第四十九話 九州改良計画と女王就任
九州入りした百襲姫一行は、各地で治水・土木事業を遂行していきます。その痕跡から窺える活動範囲は凄まじく、現在九州の拠点となっている場所で彼女らの影響がない場所を探す方が難しいです。
大袈裟でもなんでもなく、文字通り百襲姫のチームは九州という土地を創り出しました。国生みという神話をリアルに実行したのです。
いくつかわかりやすい例を紹介しますね。
①湯布院(大分県由布市)
【伝承】宇奈岐日女の蹴裂伝説
かつて湖だった由布院盆地の壁を、女神が蹴り裂いて水を抜き、豊かな土地に変えたという伝承が残っています。四国の大鯰と同じ構造ですよね。宇奈岐日女はもちろん百襲姫です。
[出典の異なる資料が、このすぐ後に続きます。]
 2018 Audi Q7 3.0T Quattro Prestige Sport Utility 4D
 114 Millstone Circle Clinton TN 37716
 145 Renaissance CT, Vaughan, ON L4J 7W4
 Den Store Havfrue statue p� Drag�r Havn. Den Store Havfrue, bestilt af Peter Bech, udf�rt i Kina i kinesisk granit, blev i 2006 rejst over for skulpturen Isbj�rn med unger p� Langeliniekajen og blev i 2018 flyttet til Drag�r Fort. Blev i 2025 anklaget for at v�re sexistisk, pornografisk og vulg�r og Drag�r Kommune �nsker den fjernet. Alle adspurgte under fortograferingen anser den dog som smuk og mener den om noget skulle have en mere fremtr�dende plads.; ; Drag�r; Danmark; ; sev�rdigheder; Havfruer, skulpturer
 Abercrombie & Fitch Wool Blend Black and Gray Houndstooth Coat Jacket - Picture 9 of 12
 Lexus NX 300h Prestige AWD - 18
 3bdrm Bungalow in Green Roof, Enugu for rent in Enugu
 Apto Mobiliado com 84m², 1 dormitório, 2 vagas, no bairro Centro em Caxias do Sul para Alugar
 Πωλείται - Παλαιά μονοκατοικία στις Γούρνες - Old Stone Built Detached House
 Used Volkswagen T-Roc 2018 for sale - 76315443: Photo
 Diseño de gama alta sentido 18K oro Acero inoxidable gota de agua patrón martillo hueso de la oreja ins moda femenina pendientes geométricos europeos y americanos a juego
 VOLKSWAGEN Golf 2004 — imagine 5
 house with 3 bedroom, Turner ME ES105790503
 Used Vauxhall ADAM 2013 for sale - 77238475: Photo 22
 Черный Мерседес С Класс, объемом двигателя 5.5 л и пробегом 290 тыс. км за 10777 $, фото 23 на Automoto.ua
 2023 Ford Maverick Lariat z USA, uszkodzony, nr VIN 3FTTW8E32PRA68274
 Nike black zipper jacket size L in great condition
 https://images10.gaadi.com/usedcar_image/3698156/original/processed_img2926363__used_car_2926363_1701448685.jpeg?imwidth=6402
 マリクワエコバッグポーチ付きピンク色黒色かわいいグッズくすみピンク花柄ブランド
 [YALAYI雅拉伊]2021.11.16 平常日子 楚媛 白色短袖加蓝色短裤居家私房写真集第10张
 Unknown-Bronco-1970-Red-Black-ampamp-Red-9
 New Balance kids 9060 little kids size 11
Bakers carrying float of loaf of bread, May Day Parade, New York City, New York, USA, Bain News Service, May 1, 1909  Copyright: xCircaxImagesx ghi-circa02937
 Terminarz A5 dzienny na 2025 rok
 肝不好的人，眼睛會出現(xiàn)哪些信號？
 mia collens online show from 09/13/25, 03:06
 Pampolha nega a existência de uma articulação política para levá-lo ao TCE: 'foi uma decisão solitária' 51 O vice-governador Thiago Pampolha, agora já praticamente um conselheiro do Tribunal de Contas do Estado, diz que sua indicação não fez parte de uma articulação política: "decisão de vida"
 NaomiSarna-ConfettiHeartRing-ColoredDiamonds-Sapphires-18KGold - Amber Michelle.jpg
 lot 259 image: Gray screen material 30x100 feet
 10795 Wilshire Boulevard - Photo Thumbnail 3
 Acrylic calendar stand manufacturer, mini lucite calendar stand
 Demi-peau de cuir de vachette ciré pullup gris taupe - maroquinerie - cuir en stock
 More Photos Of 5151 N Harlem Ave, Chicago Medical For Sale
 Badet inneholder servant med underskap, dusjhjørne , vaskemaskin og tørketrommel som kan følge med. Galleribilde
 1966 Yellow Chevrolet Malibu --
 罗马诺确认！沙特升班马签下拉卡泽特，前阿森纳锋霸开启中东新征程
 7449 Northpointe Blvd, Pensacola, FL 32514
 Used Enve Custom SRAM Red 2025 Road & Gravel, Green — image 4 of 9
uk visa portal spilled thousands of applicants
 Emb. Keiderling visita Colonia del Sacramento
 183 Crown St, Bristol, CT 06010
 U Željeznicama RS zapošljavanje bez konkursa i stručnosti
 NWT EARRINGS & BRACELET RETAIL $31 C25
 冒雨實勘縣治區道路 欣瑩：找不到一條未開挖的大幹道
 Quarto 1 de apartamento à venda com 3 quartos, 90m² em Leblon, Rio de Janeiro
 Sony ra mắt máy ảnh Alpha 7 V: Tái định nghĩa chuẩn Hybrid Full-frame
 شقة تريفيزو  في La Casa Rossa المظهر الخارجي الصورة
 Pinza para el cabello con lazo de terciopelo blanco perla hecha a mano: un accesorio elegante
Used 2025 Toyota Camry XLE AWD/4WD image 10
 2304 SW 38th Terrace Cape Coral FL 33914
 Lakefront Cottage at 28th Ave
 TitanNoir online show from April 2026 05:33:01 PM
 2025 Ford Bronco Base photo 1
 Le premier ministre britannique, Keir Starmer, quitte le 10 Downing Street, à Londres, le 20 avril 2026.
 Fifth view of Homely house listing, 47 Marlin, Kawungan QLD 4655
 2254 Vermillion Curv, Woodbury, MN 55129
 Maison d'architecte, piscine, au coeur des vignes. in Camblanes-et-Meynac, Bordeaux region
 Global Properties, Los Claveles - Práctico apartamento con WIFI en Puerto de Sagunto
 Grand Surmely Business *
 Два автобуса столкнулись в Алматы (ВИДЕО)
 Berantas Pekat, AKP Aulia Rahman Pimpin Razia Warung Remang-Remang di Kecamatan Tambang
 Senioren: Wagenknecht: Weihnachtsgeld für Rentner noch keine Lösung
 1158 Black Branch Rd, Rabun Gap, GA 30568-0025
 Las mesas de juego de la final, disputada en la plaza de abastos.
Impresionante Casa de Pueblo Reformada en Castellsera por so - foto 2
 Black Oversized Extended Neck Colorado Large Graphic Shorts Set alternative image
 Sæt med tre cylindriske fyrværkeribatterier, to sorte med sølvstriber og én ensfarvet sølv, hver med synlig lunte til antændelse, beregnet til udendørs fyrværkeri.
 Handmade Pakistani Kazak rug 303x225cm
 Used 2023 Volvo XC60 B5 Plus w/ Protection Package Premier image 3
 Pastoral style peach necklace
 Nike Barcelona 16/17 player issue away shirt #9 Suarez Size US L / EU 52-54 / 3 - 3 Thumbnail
この地におけるポイントは、盆地の排水と定住化です。標高の高い盆地に溜まった水を、地質の弱点を見極めて「切り通し」を作り、一気に排出する「初期の排水工法」。これにより、シラス地帯の過酷な低地を避け、安全で豊かな「高台の農地」を生み出しました。
②阿蘇(熊本県阿蘇郡)
【伝承】健磐龍命の蹴立て伝説
阿蘇外輪山の一部(立野)を蹴り破り、湖を干拓して農地にした。一度失敗し、二度目で成功したという泥臭い努力の物語。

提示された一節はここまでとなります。